Finance Minister Sri Mulyani Indrawati on Monday said her ministry was preparing a ministerial regulation to regulate import income tax in a move to control the volume of overall imported consumer goods, particularly those that had local equivalents.

“We in the Finance Ministry are still discussing the issue internally involving the Taxation Directorate General, the Customs and Excise Directorate General and the Fiscal Policy Agency,” Sri Mulyani said on the sidelines of a palm oil seminar in Jakarta. “We will also talk to the Industry Ministry and the Trade Ministry as well as Bank Indonesia and the Financial Services Authority [OJK].”

Indonesia saw a whopping increase of 60.75 percent year-on-year (yoy) in imports of consumer goods, totaling US$1.72 billion in July, data from Statistics Indonesia (BPS) show. The figure in July was 70.5 percent higher than a month earlier.

The country’s current account deficit widened to $8 billion in the second quarter from $5.7 billion a quarter earlier. The latest figure was equal to 3 percent of the country’s gross domestic product (GDP).

The deficit in the current account means the country is spending beyond its means, adding to currency vulnerabilities as it needs foreign capital to fulfill demand in the domestic foreign exchange market.

Following President Joko “Jokowi” Widodo’s previous order for measures to stabilize the rupiah and reduce the current account deficit, Sri Mulyani hinted earlier this month at the ministry’s plan to work with the Industry Ministry and the Trade Ministry to identify hundreds of imported consumer goods that could be replaced by local substitutes and issue a regulation on the matter.

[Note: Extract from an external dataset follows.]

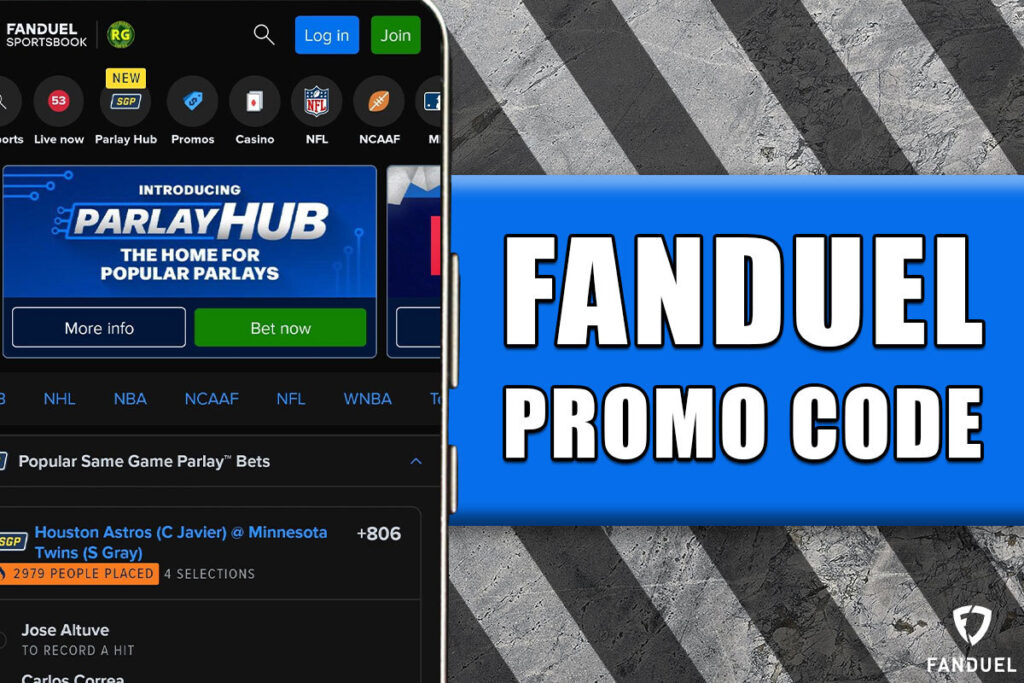 FanDuel Promo Code.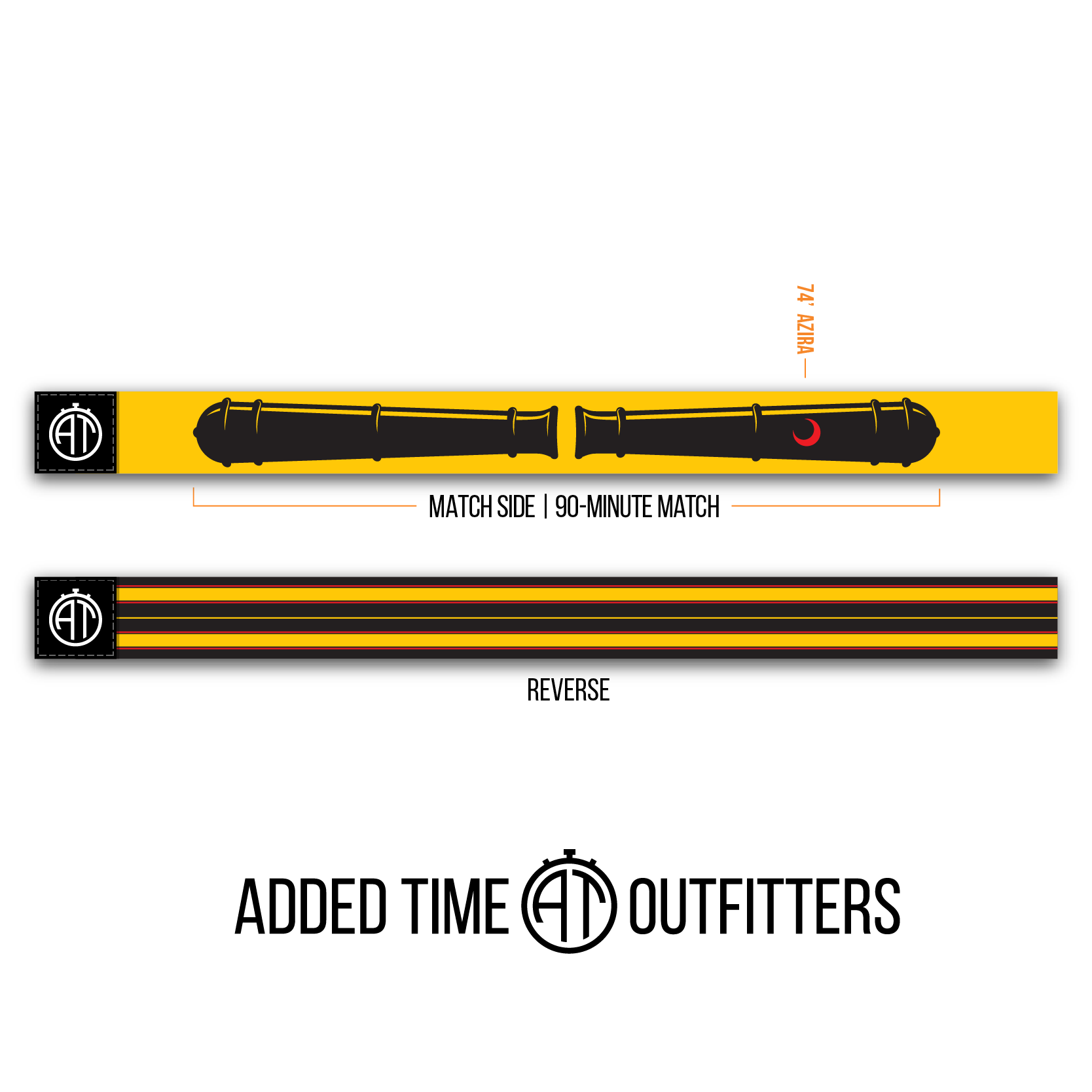 Added Time Outfitters – Product Timeline – Chucktown Charm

The Finance Ministry’s fiscal policy head Suahasil Nazara said separately that the upcoming income tax for imported consumer goods would be imposed on around 600 to 800 items currently being assessed by the ministry. However, there were no details yet on the products.

Data from the Trade Ministry show that China was Indonesia’s largest import partner in the first half of 2018, with a 27.4 percent increase yoy to $24.83 billion. The second- and third-largest import sources, Japan and Thailand, trail very far behind at $10.45 billion and $6.34 billion respectively.

According to data from trademap.org, electrical machinery was Indonesia’s biggest import from China at $7.87 billion, followed by machinery and mechanical appliances at $7.57 billion.

Raw commodities, such as plastics and organic chemicals, ranked the fourth and fifth most imported goods from China in 2017, with a total of $1.35 billion and $1.25 billion. Edible vegetables came in 10th position with a total of $606.25 million.

Trade Minister Enggartiasto Lukita said on Monday it would not be easy for the government to identify imported Chinese goods that could be substituted by locally made products, as there were hundreds of thousands of categories of each product.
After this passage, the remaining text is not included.